24 – REJEIÇÃO LIMINAR DOS EMBARGOS MANIFESTAMENTE PROTELATÓRIOS
Os atos protelatórios vêm sendo combatidos de modificação em modificação legislativa do CPC, hoje trazendo conseqüências nas situações em que a parte abusa de seu direito para retardar o regular andamento e desenvolvimento do processo. Por isso, nos casos de recurso de embargos de declaração, quando de caráter protelatório, a lei autoriza o juiz ou tribunal a aplicar a multa de cunho processual em desfavor do embargante (art. 538, parágrafo único). Outra espécie de "pena" é a autorização para que o juiz conceda a antecipação de tutela quando a contestação ou defesa for protelatória (art. 273, II), independente da prova e da existência do perigo em razão da demora.
Com a nova redação do artigo 739 do CPC, a tentativa de utilizar os embargos como meio de protelar a satisfação do credor resultará em conseqüência grave: a sua rejeição liminar. Assim, a protelação indesejada com a apresentação de embargos agora terá um de seus remédios mais amargos: exatamente a inversão dos efeitos pretendidos, ou seja, ao invés de proporcionar um prazo para o devedor, será liminarmente desconsiderada, como se não existisse.
A alteração é, sem dúvida, pertinente no sentido de acelerar o processamento da execução, mas, em nossa opinião, o que ainda não está claro são os critérios para que o subjetivismo do juiz (que pode oscilar do prudente arbítrio para o abuso) venha a considerar um ato protelatório.
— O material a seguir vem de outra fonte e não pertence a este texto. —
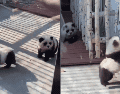 A pesar de que los visitantes fueron engañados, las imágenes y los videos de los “supuestos pandas” generaron una ola de ternura en redes sociales. ESPECIAL.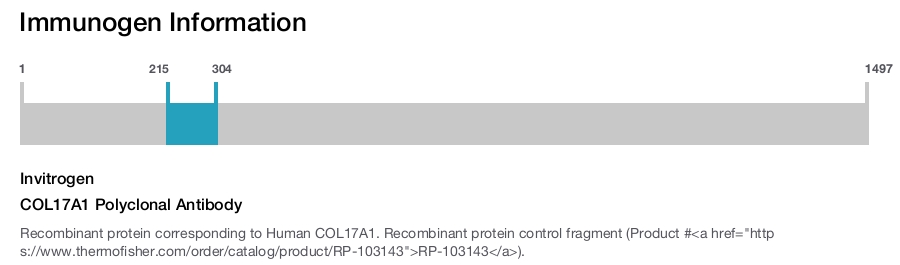 COL17A1 Polyclonal Antibody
Em outras palavras, não há critério legal para determinar um ato protelatório objetivo. Na falta de critérios melhores é razoável aceitar-se os definidos como ato litigância de má-fé; a alegação de fundamento jurídico claramente descabido; ausência de qualquer demonstração objetiva de que a alegação se funda em jurisprudência atual, vigente e dominante, legislação ou doutrina (ver art. 17).
Além de rejeitados liminarmente os embargos manifestamente protelatórios, o devedor estará sujeito, ainda, à multa no modelo da litigância de má-fé, ou seja, de até 20% do valor da causa e determinados em favor do executado (artigo 740 parágrafo único).
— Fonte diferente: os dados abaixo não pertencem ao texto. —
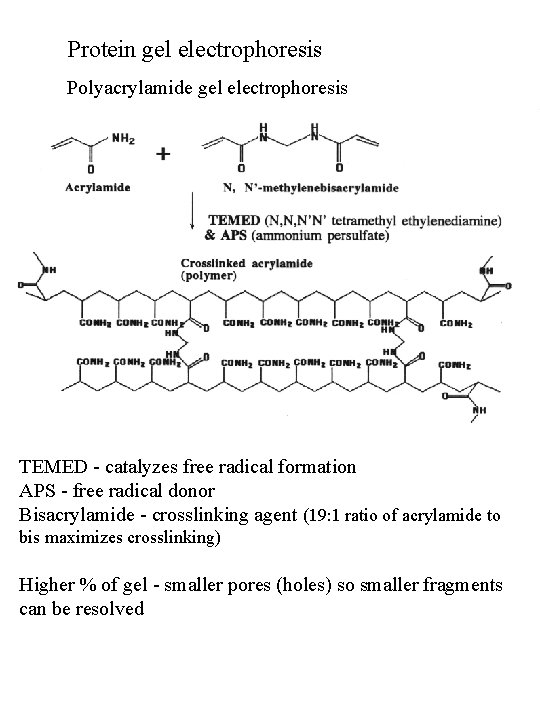 Protein gel electrophoresis Polyacrylamide gel electrophoresis TEMED - catalyzes free radical formation APS -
Ficou claro, agora, que o crédito resultante de qualquer condenação por litigância de má-fé poderá ser requerido na execução e será processado em autos em apenso, podendo ser compensado - se a condenação for em favor do executado ou embargante - ou poderá prosseguir como execução - se em favor do exeqüente (ver art. 739-B).
25 – INVERSÃO DA REGRA GERAL: OS EMBARGOS NÃO SERÃO RECEBIDOS NO EFEITO SUSPENSIVO
A regra geral, antes das modificações, era que os embargos do executado sempre seriam recebidos com efeito suspensivo. A não atribuição do efeito suspensivo segue a linha do que já foi acrescido ao CPC pela lei 11.232, no artigo 475-M.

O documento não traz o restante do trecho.